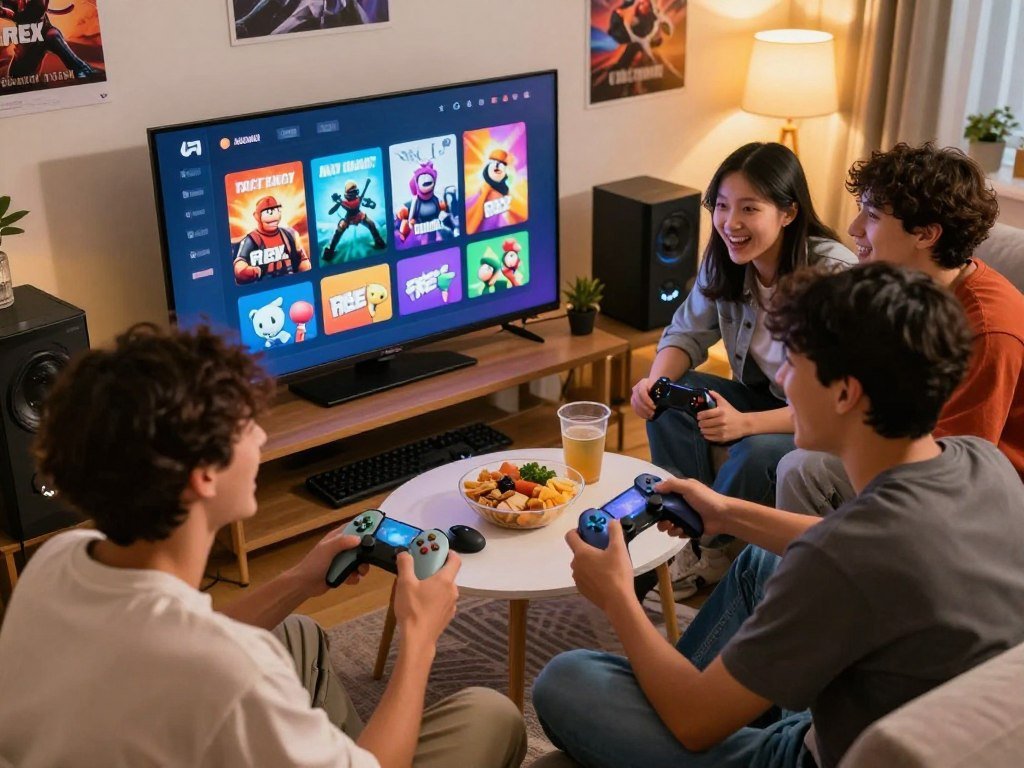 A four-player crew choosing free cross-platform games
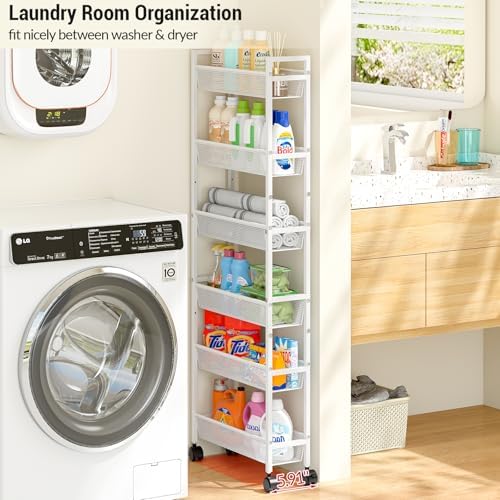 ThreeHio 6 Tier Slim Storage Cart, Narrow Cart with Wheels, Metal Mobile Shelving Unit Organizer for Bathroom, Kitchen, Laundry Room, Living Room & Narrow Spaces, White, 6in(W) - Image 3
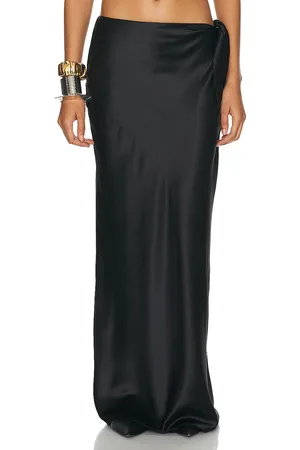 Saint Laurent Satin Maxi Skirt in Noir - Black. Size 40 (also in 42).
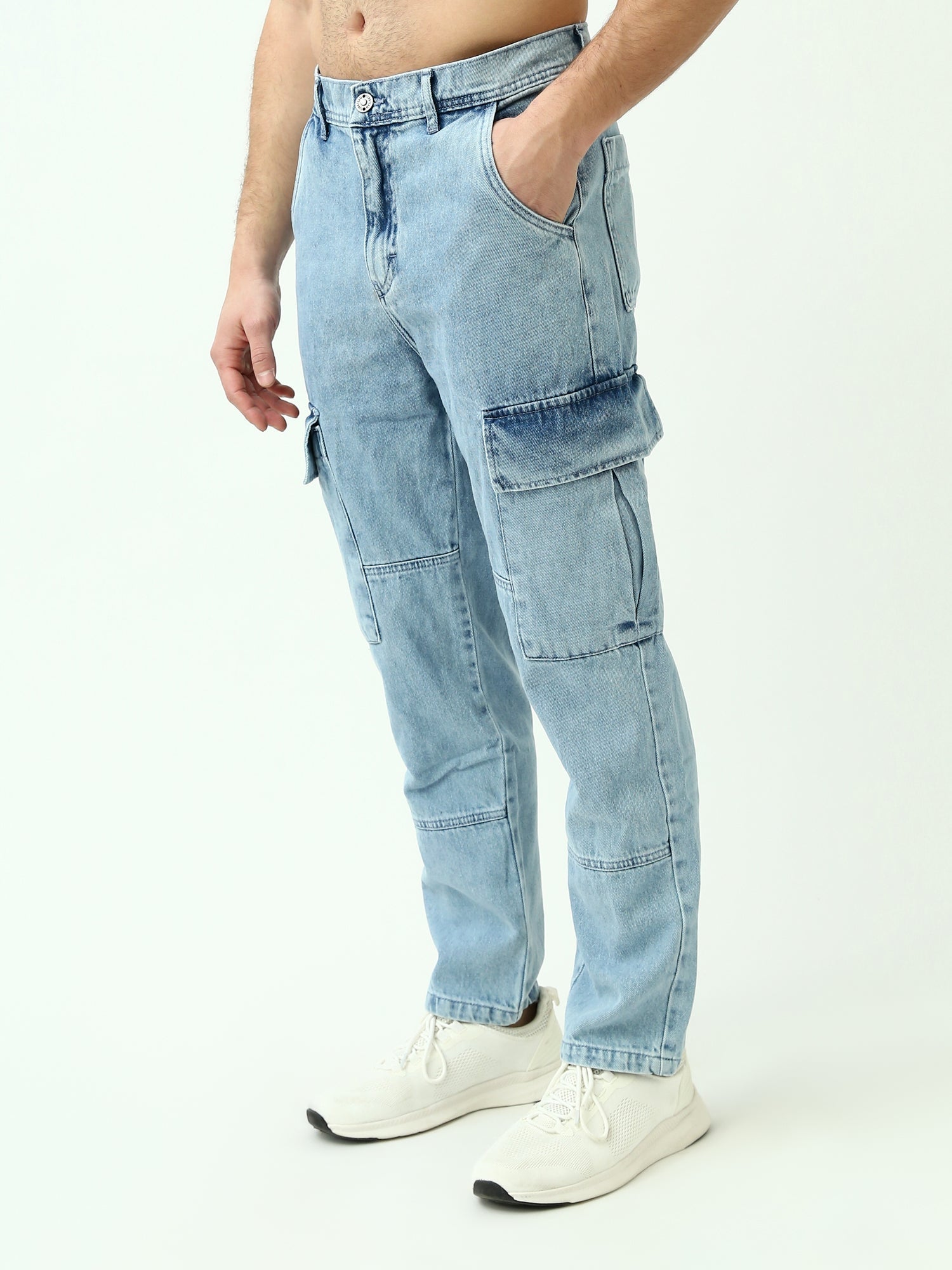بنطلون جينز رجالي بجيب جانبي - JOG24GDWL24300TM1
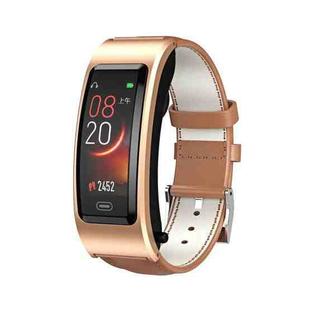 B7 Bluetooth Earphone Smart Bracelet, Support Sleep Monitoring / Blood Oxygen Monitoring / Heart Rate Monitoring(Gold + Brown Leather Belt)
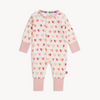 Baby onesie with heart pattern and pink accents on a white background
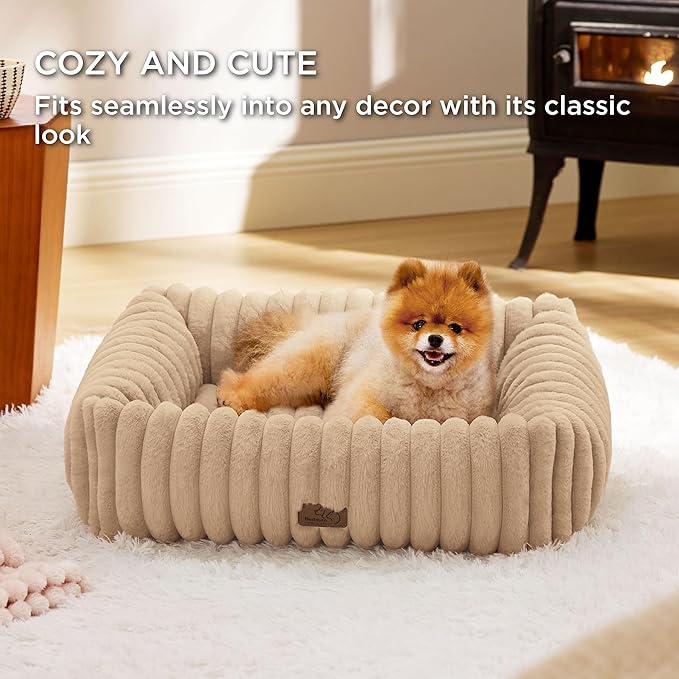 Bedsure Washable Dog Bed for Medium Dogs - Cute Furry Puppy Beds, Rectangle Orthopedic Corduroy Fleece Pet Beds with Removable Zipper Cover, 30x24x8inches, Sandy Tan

--

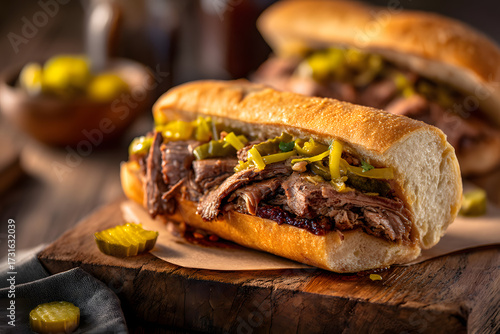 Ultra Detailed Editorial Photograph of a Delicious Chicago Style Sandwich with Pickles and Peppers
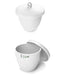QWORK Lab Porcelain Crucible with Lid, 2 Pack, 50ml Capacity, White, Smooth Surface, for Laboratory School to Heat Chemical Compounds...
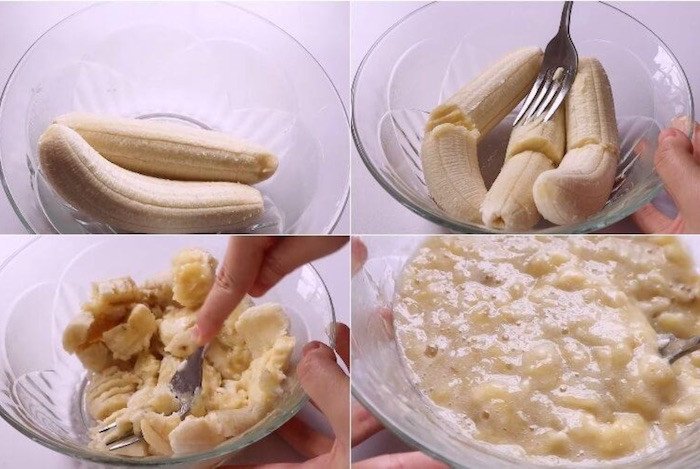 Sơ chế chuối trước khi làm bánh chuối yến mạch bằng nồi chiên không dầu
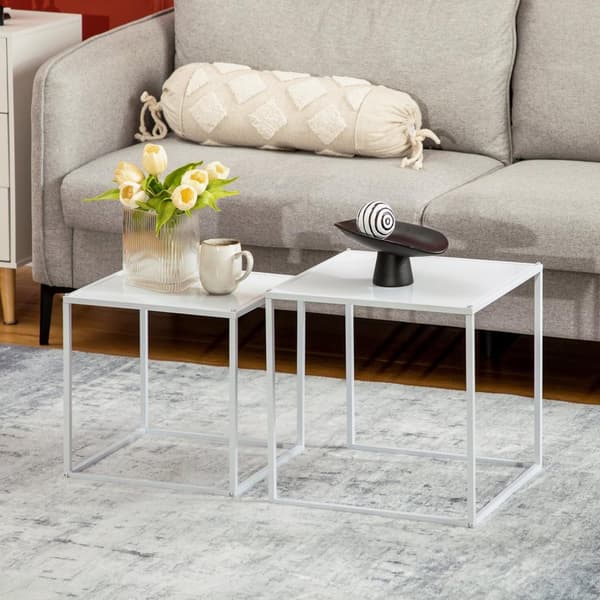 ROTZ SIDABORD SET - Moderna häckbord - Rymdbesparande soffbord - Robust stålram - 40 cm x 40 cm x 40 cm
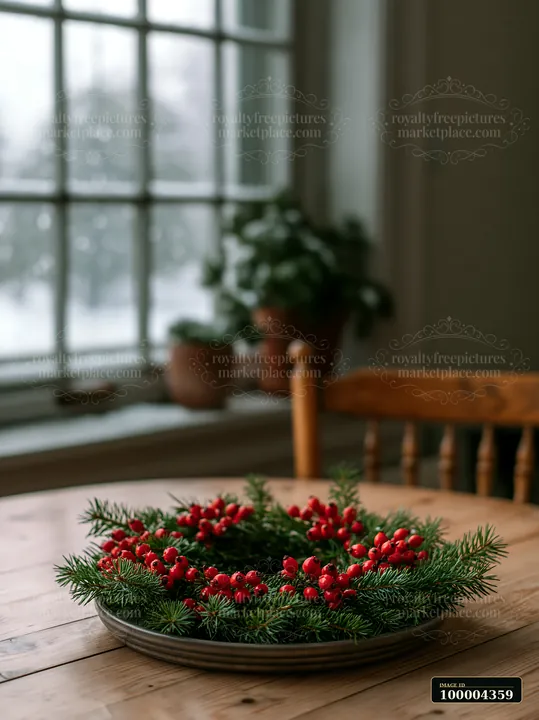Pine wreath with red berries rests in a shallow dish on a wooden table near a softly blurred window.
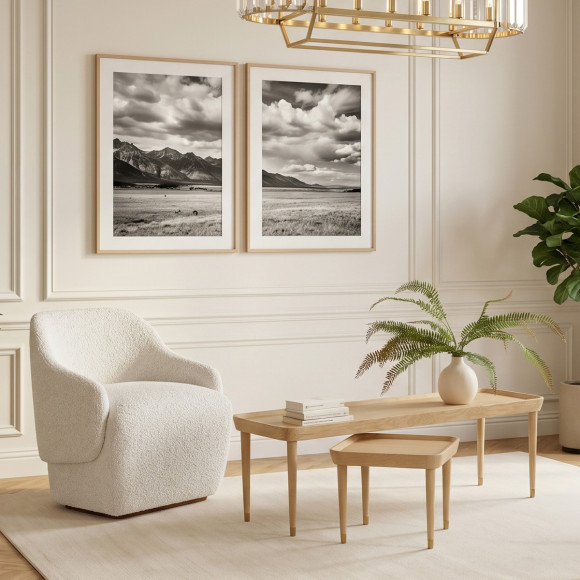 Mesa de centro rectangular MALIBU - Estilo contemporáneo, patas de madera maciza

**TASK OBJECTIVE**
Pictures in the entries do not go into the copy. Print only the lines starting at the one containing "Ultra Detailed Editorial" and ending at the one containing "Sơ chế chuối", exactly as they appear.

**REPLY TO THE EXERCISE**
 Ultra Detailed Editorial Photograph of a Delicious Chicago Style Sandwich with Pickles and Peppers
QWORK Lab Porcelain Crucible with Lid, 2 Pack, 50ml Capacity, White, Smooth Surface, for Laboratory School to Heat Chemical Compounds...
 Sơ chế chuối trước khi làm bánh chuối yến mạch bằng nồi chiên không dầu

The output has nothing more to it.